Thanks to the brilliant mind of Shonda Rhimes, we have television shows such as How To Get Away With Murder and Scandal that show women of colour in powerful positions and protagonists’ in their shows, not just side pieces to powerful men. Olivia Pope is a no nonsense brilliant lawyer and influential person in the world of politics in Washington, D.C. Annalise Keating is the upfront powerful attorney and professor who always delivers a winning case. They show diversity in an industry where black women aren’t greatly seen. I see these two powerful women be the best in their respective male-dominated industries and have hope for myself.  The sad thing about this is that it doesn’t mirror the real world.

I live in Canada where our Prime Minister (our version of President) promotes and fights for diversity and gender equality, making sure his cabinet is full of diversity. While he has done a great job doing that; the cabinet is half men, half women with minorities from the Aboriginal, Afghan, and Sikh communities, and people with disabilities. The one area that lacks however is the representation of black women.  God bless Justin Trudeau’s heart and he deserves credit for his continuous work on it, but in order to increase diversity in Canada and the world, we have to include minorities from the Hispanic, Asian, and black communities in areas like government. With only a few historic black women in Canadian government such as Michaëlle Jean and Anne Clare Cools, representation matters.
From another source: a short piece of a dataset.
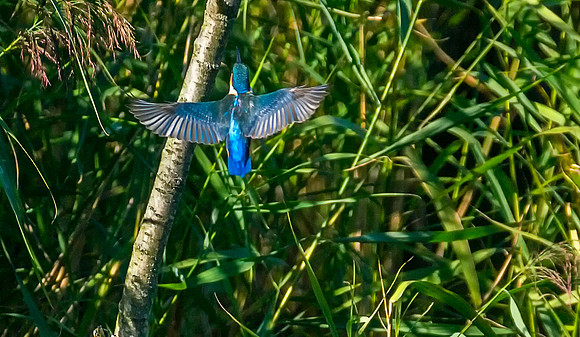 kingfisher flight bright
When I look to America, our neighbours to the south, about this issue, it isn’t much different. There are only 20 women currently in the Senate with no black women. In fact, there have only been 4 black men and women elected to the Senate including one woman: Carol Moseley Braun. In the House of Representatives that hold 435 seats, black women only make up 20 of those seats. There are only a few black women that are in the high places of the land such as Loretta Lynch, who is in Barack Obama’s cabinet and the first African-American woman to be Attorney General of the U.S. and Michelle Obama, who we know as the remarkable and intelligent First Lady; her title of First Lady is literal where she is the first black woman to be First Lady.

What does this mean? This means we have to work harder to elect black women and other minorities into government positions; to show young ladies and men of those demographics that they can too aspire to be like them. I personally want more representation because it is always nice to honor the ‘first black’ of anything, but I want a world where they can be more than the first of ‘said position’, that being a visible minority is the ‘norm.’ We all have a voice; I mean Barack Obama is in office, so we have to use that same voice that got him elected to elect these women first on their duty and dedication they have more than the colour of their skin and also encourage black women to run for these positions. We have to make sure representation is in place for all minorities including and especially black women.